A popular Christian parlance goes like this, “God works in mysterious ways”. Indeed this is so true. The African is fanatically religious. Our religiosity is so deep that statements like this and others such as “It shall be well”, “God is in control” sip deep in our language and social fibre. Our lives are shaped and directed by these statements.  And we are criticized for the way we are; our fanaticism for religion, our superstition and belief that our fate is shaped by God or the gods. And it is rightly so, taking into evidence the evils that have engulfed the continent. There are wars spotted all over the continent and poverty has eaten deep into the crevices of our society. But we are also not a continent of derelict individuals who can buy guns and start “pumping” bullets into innocent people. Though we fight wars we do it for the “good” of our countries.
Unlike most continents our religious nature is the source of our survival. Imagine how the African will survive without God or a god. Our belief in a deity gives us hope, inspires us and informs us that though our problems are huge they are not insurmountable.
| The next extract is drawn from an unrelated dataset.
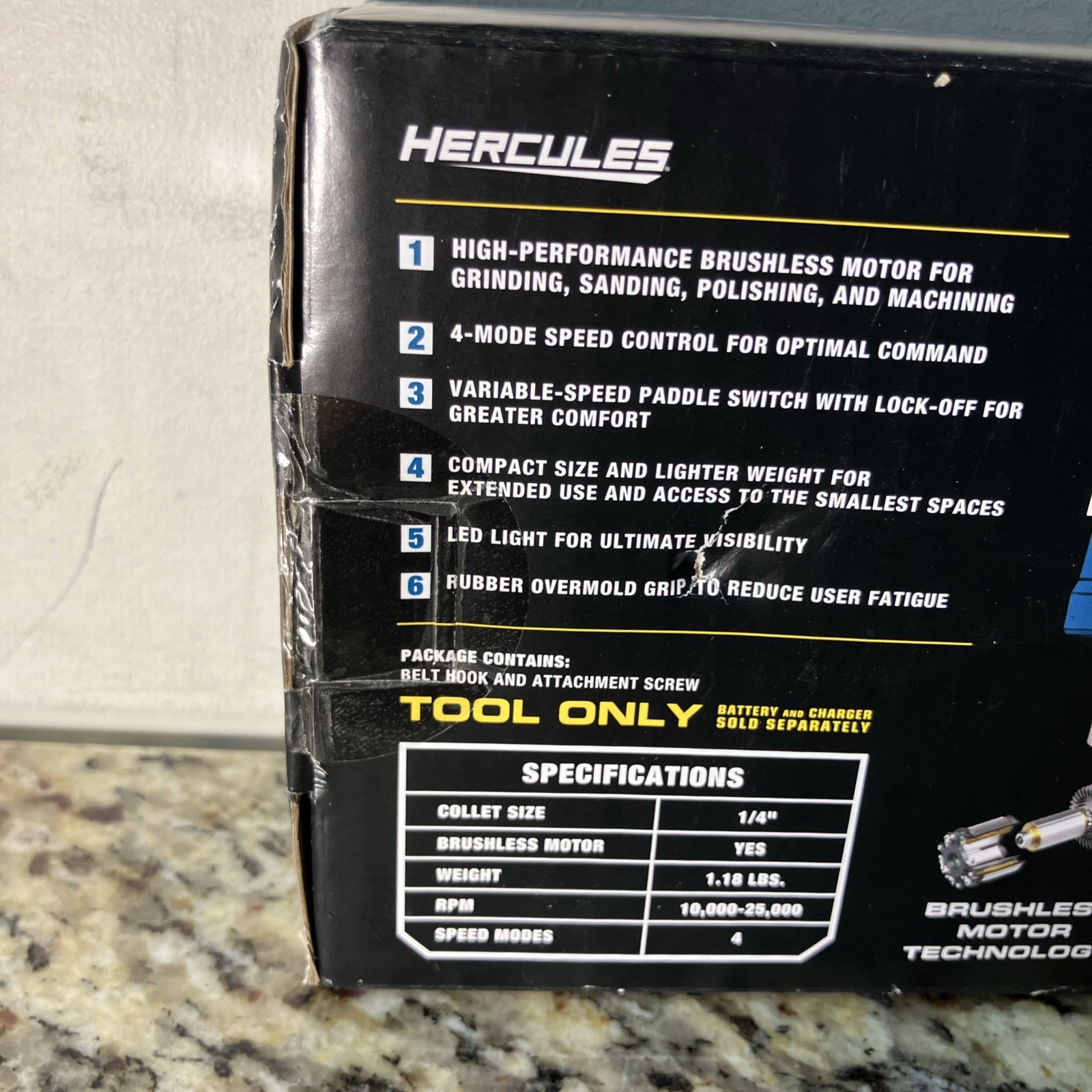 HERCULES HDB64B Right Angle Die Grinder 4 Speed New! Tool Only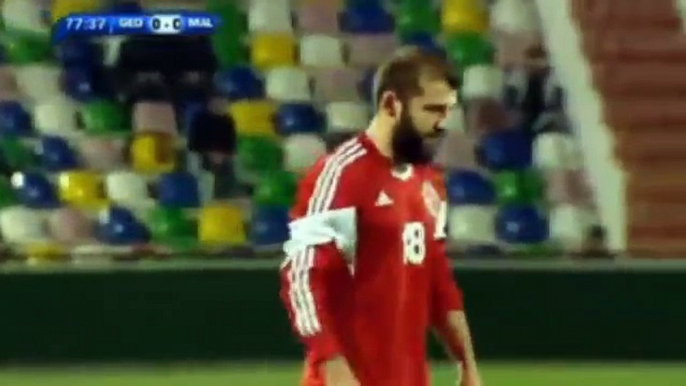 Georgia vs Malta 2-0 ~ All Goals and Highlights (Friendly Match 2015)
This sort of thinking might have been the bane of our mediocrity but it has also strengthened us and developed our survival instincts.
I followed a discussion on Harvard Business Review through Linked, a social forum, which bothers on the reasons why it is difficult to do business in Africa. Have you wondered why Africans who stayed outside for long find it difficult starting business here in Africa while those here are successful business people? As you go from Johannesburg to the slums of Kenya, from Senegal to Ghana and then to Nigeria, there are successful individual “businesspeople” on the streets of these countries. Irrespective of the litany of reasons why doing business in Africa is difficult see the indigenous African businessperson and hears his success story.
The death of our beloved president of Ghana, the late Prof. Evans Atta Mills has generated so much debate. Sometimes when I listened to the debates on TV and radio and the ones around me which I sometimes joined I am amazed at how the death of a man can change our perceptions about him. And it has been the debate as to whether we should say good things about a man whiles he is alive or when he is dead. Especially from the angle of politics, is it alright for us to say that our opponent is such an honest and kind person if he is so whiles he is still alive? In the struggle for power, more so devoid of selflessness, the possibility is very remote. Even while the president is dead people are not very happy that he is being considered as a successful president. Some still believe that irrespective of his sterling public life he was a flop as a politician. And it is interesting and funny for people to judge the memory of the man that way.  Not now, not tomorrow but posterity will see this man of blessed memory as one of the strongest and successful presidents in the history of Ghana.
You know how people think that Nkrumah did not do much for Ghana. They say with the amount of money the colonial government left him he should have done more. They accuse the man of doling money to other African countries leaving his own people. But Nkrumah is the African of the millennium. He saw long ahead of his peers and that was his fault. A man who is ahead of his friends and a dreamer is always treated differently more so harshly. You know the story of Joseph in the Bible!
I saw the passion of Nkrumah in Atta Mills. I saw how passionate he spoke when he talked about education, unemployment and poverty. He felt it was the opportunity created by Nkrumah that gave the chance for him to attend a prestigious school like Achimota, why is that not possible today? Well it looked as if the vision of Nkrumah died with him on the 24th of February, 1966. Since then nothing has improved, things just got worse and worse until the coup in 1981 which by then things have escalated beyond redemption.
The first coup happened on a 24th, and the first time we have lost a president occurred on 24th, July 24th, 2012. Is God working in mysterious ways again?
While in the past the political terrain has been choked with the same people who kept on recycling themselves, it seems we are entering a new dawn of politics where those firebrand individuals are giving way to more tolerant individuals. The president’s death is becoming a birth canal for more technocrats who probably will put the interest of these nations before themselves to be born.
After February 24th the military took over power and lead us on a road of ups and downs and turmoil.  
July 24th has become the beginning of when God will intensify his work in mysterious ways for our country Ghana.  After all, our late president was a firm believer in God and His hand in the affairs of men. His death may therefore be seen as the divine hand of God working in mysterious ways. IT IS WELL!